+++ DATA FOR REVIEW

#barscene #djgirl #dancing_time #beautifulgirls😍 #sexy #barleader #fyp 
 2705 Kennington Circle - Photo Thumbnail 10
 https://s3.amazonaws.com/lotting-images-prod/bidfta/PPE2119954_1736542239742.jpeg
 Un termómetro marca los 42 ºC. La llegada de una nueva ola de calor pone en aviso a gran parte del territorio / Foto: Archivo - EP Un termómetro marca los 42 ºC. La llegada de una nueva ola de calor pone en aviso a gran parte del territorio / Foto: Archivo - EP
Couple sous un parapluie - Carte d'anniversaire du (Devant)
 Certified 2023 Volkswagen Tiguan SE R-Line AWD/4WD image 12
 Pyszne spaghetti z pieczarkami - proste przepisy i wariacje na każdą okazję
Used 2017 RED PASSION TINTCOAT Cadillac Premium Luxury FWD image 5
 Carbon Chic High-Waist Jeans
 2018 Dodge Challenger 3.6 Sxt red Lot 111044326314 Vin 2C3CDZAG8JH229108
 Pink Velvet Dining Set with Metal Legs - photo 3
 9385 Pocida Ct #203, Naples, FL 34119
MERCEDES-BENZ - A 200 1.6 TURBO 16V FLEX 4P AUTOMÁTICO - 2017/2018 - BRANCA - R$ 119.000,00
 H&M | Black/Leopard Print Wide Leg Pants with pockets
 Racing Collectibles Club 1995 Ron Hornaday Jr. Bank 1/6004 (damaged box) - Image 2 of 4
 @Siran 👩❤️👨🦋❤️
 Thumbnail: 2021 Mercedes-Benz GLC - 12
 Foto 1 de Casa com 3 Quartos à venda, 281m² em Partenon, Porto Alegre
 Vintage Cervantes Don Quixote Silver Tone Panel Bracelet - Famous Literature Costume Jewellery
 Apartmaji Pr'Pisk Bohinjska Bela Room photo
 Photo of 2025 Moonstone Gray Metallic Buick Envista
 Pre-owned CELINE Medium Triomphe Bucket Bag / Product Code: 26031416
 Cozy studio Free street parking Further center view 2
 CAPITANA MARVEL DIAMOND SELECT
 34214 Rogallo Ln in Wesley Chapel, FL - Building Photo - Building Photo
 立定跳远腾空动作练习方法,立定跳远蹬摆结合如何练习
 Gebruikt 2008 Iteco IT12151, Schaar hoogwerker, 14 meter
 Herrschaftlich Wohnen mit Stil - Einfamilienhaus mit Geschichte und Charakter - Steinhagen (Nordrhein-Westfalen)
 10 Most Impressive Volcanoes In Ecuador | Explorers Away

++++++

• _TASK STATEMENT_: Send back the complete set of entries, exactly as shown above.

• _OUTPUT OF THE TASK_:
#barscene #djgirl #dancing_time #beautifulgirls😍 #sexy #barleader #fyp 
 2705 Kennington Circle - Photo Thumbnail 10
 https://s3.amazonaws.com/lotting-images-prod/bidfta/PPE2119954_1736542239742.jpeg
 Un termómetro marca los 42 ºC. La llegada de una nueva ola de calor pone en aviso a gran parte del territorio / Foto: Archivo - EP Un termómetro marca los 42 ºC. La llegada de una nueva ola de calor pone en aviso a gran parte del territorio / Foto: Archivo - EP
Couple sous un parapluie - Carte d'anniversaire du (Devant)
 Certified 2023 Volkswagen Tiguan SE R-Line AWD/4WD image 12
 Pyszne spaghetti z pieczarkami - proste przepisy i wariacje na każdą okazję
Used 2017 RED PASSION TINTCOAT Cadillac Premium Luxury FWD image 5
 Carbon Chic High-Waist Jeans
 2018 Dodge Challenger 3.6 Sxt red Lot 111044326314 Vin 2C3CDZAG8JH229108
 Pink Velvet Dining Set with Metal Legs - photo 3
 9385 Pocida Ct #203, Naples, FL 34119
MERCEDES-BENZ - A 200 1.6 TURBO 16V FLEX 4P AUTOMÁTICO - 2017/2018 - BRANCA - R$ 119.000,00
 H&M | Black/Leopard Print Wide Leg Pants with pockets
 Racing Collectibles Club 1995 Ron Hornaday Jr. Bank 1/6004 (damaged box) - Image 2 of 4
 @Siran 👩❤️👨🦋❤️
 Thumbnail: 2021 Mercedes-Benz GLC - 12
 Foto 1 de Casa com 3 Quartos à venda, 281m² em Partenon, Porto Alegre
 Vintage Cervantes Don Quixote Silver Tone Panel Bracelet - Famous Literature Costume Jewellery
 Apartmaji Pr'Pisk Bohinjska Bela Room photo
 Photo of 2025 Moonstone Gray Metallic Buick Envista
 Pre-owned CELINE Medium Triomphe Bucket Bag / Product Code: 26031416
 Cozy studio Free street parking Further center view 2
 CAPITANA MARVEL DIAMOND SELECT
 34214 Rogallo Ln in Wesley Chapel, FL - Building Photo - Building Photo
 立定跳远腾空动作练习方法,立定跳远蹬摆结合如何练习
 Gebruikt 2008 Iteco IT12151, Schaar hoogwerker, 14 meter
 Herrschaftlich Wohnen mit Stil - Einfamilienhaus mit Geschichte und Charakter - Steinhagen (Nordrhein-Westfalen)
 10 Most Impressive Volcanoes In Ecuador | Explorers Away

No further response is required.